DATA LISTING:
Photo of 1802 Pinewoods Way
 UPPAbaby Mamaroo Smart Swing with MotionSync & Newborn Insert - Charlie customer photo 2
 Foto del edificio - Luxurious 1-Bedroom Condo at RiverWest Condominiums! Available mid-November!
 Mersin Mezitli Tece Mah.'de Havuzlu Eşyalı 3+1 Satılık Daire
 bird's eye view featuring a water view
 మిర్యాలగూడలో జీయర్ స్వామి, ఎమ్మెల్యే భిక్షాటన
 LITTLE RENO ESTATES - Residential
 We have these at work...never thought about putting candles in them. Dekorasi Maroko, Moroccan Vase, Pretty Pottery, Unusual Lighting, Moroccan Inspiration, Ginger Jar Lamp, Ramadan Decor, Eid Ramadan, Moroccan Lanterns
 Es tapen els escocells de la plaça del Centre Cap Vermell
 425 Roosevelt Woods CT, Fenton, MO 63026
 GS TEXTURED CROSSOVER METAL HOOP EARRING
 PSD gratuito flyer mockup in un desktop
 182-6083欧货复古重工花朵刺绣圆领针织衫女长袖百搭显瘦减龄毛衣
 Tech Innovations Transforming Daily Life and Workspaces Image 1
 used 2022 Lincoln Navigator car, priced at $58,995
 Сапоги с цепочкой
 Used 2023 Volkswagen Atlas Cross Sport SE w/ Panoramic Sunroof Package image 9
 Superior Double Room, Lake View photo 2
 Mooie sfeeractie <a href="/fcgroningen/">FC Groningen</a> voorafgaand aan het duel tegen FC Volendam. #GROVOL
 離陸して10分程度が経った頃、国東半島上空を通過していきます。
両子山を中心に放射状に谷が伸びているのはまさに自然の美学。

HOW TO COMPLETE THIS TASK: Return exactly the run of lines that opens with the one containing "Mooie sfeeractie <a" and closes with the last line of the records above.

EXERCISE RESULT:
 Mooie sfeeractie <a href="/fcgroningen/">FC Groningen</a> voorafgaand aan het duel tegen FC Volendam. #GROVOL
 離陸して10分程度が経った頃、国東半島上空を通過していきます。
両子山を中心に放射状に谷が伸びているのはまさに自然の美学。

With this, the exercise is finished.